Além do desfecho visível nas imagens registradas, os frutos da iniciativa são expressos na fala dos agricultores. “Somos muito gratos ao projeto. Temos muita vontade, mas não temos, de fato, muitos conhecimentos. Hoje, aprendi que é possível plantar diversas espécies em uma mesma área”, explica Hilda ao lado de seu companheiro Nelison que a ajuda com a lida na terra. O casal diversificou a plantação e pensa em expandir a área do açaizeiro. “Laranja, acerola e graviola também são parte da expansão para vendermos para a merenda escolar e para o nosso próprio sustento”, comenta Hilda.
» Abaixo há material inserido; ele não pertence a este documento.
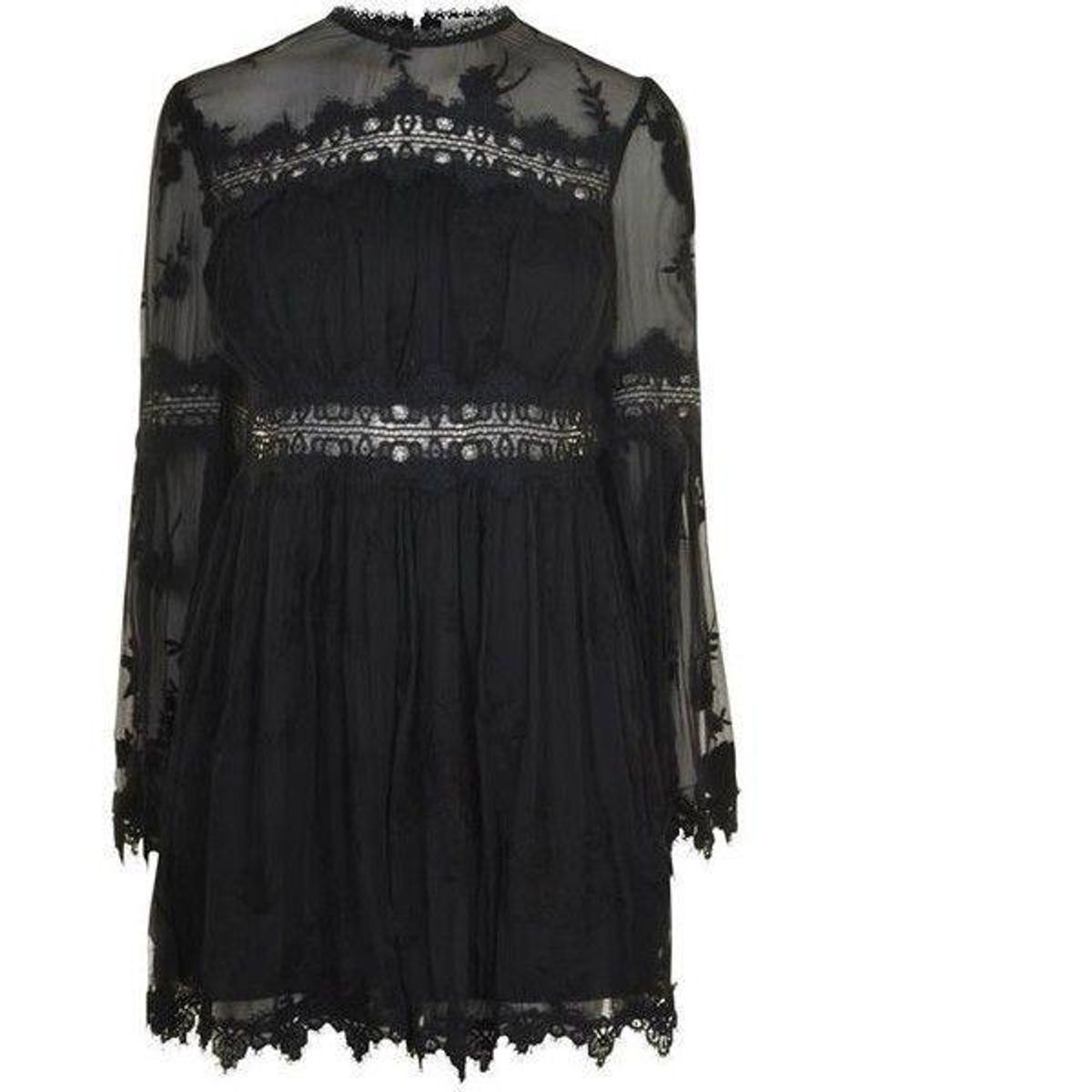Zimmermann Tropicale Antique Playsuit Black Noir Size 8 - Image 4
Moradora da mesma região, dona Lúcia é conhecida por ser uma agricultora muito cuidadosa com a área que ela mesma plantou. “Ela conduziu o plantio com muito capricho e, realmente, percebemos de forma muito positiva o estabelecimento das mudas”, comenta a engenheira florestal e uma das fundadoras da PRETATERRA, Paula Costa. “O meu conhecimento foi passado pelos meus pais, pelos meus avós e agora estou expandindo com esse novo modelo de produção”, reflete dona Lúcia. Mesmo com a seca no último verão, por exemplo, a agricultora plantou cupuaçu, além de bananas, urucum, feijão, açaí e ingá.
No sistema agroflorestal, desenvolvido por esse projeto, os agricultores e sua cultura são respeitados e eles podem continuar o tradicional plantio de mandioca de 1 m x 1 m, por exemplo, mas devem evitar a queimada total para preparação da área, a técnica conhecida como coivara, comum na região. No design agroflorestal são inseridas espécies arbóreas nativas de ciclo longo, espaçadas em 10 metros. Entre essas árvores são incluídas espécies frutíferas e agrícolas. Na agrofloresta do Ney, outro agricultor beneficiado pelo projeto, por exemplo, é a terceira colheita de melancia nas entrelinhas, enquanto as mudas de árvores nativas se desenvolvem. Ele também já colheu milho nessa área, aproveitando a luz abundante disponível antes que as árvores fiquem adultas.
Neste modelo produtivo, que pode ser adaptado para qualquer bioma, são cultivadas, na mesma área, espécies com diferentes ciclos produtivos para que o sistema gere renda a curto, médio e longo prazos. Assim, é possível alternar espécies arbóreas nativas de grande porte, fundamentais para a captura de carbono e a preservação da biodiversidade, com árvores frutíferas de alto valor agregado e cultivos agrícolas como mandioca, milho e feijão.
Em um cenário de transição climática e riscos ambientais, a agrofloresta apresenta-se como a principal resposta para a conservação do bioma amazônico e a integração socioeconômica das famílias que ali habitam.
Projeto agroflorestal
Em 2018 nasceu o projeto de vida que está mudando a relação das pessoas de Juruti (PA) com a terra: a agrofloresta.
A agrofloresta é um sistema de produção inspirado na dinâmica dos ecossistemas naturais, nos quais espécies florestais perenes são plantadas junto com cultivos agrícolas e criações de animais. É um sistema produtivo que concilia a produção de alimentos com a recuperação de áreas degradadas, promovendo benefícios econômicos e ecológicos.
Foram alguns meses de diagnóstico, realizado pela PRETATERRA com apoio do WRI Brasil, para identificar estas famílias engajadas e dispostas a investir no novo modelo produtivo. Após a definição dos grupos, começou o planejamento do design de cada sistema. A proposta foi trabalhar com módulos, replicáveis e elásticos, que permitem ajustes e substituições de espécies ou plantios ao longo do processo de acordo com as necessidade e aspirações de cada agricultor.
Com o novo modelo produtivo, os agricultores da região diversificaram e aumentaram as fontes de renda a médio e longo prazos. Tudo isso a partir de um sistema livre de desmatamento e degradação, em uma região que carece de dinamismo econômico sustentável.